8.   ADDITIONAL CONDITIONS APPLICABLE TO NONQUALIFIED DEFERRED COMPENSATION
     UNDER SECTION 409A OF THE CODE.

     In the event any Award under this Plan is granted with an exercise price
less than Fair Market Value of the Common Stock subject to the Award on the Date
of Grant (regardless of whether or not such exercise price is intentionally or
unintentionally priced at less than Fair Market Value, or such Award is
materially modified and deemed a new Award at a time when the Fair Market Value
exceeds the exercise price), or is otherwise determined to constitute a 409A
Award, the following additional conditions shall apply and shall supersede any
contrary provisions of this Plan or the terms of any 409A Award agreement.

     8.1  EXERCISE AND DISTRIBUTION. No 409A Award shall be exercisable or
          distributable earlier than upon one of the following:

          (a)  SPECIFIED TIME. A specified time or a fixed schedule set forth in
               the written instrument evidencing the 409A Award, but not later
               than after the expiration of 10 years from the Date of Grant.
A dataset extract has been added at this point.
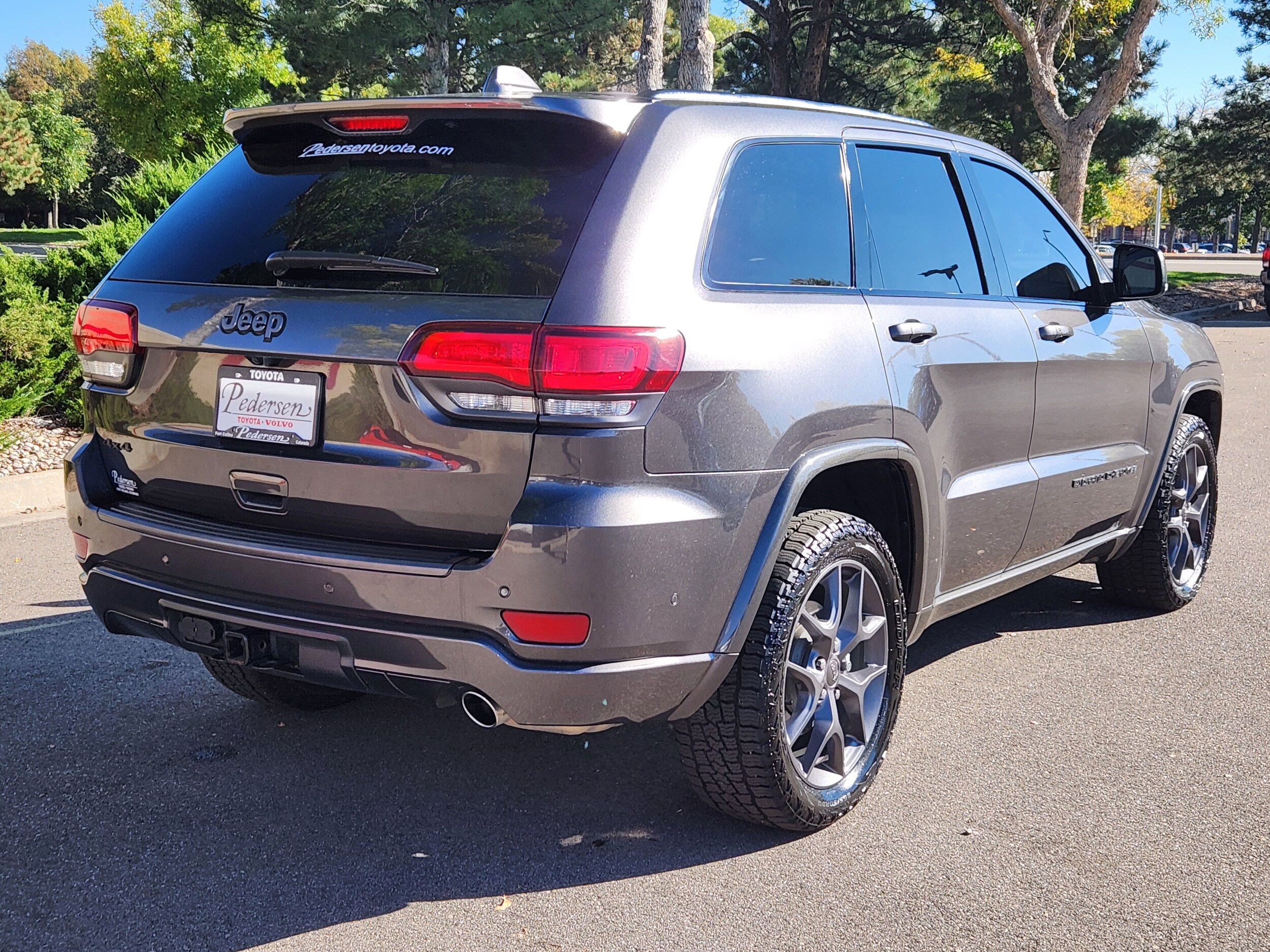 2021 Jeep Grand Cherokee Limited photo 2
If
               the written grant instrument does not specify a fixed time or
               schedule, such time shall be the date that is the fifth
               anniversary of the Date of Grant.



                                       B-22



          (b)  SEPARATION FROM SERVICE. Separation from service (within the
               meaning of Section 409A of the Code) by the 409A Award recipient;
               PROVIDED, HOWEVER, if the 409A Award recipient is a "key
               employee" (as defined in Section 416(i) of the Code without
               regard to paragraph (5) thereof) and any of the Company's stock
               is publicly traded on an established securities market or
               otherwise, exercise or distribution under this SECTION 8.1(B) may
               not be made before the date which is six months after the date of
               separation from service.

          (c)  DEATH. The date of death of the 409A Award recipient.

          (d)  DISABILITY. The date the 409A Award recipient becomes disabled
               (within the meaning of SECTION 8.4(B) hereof).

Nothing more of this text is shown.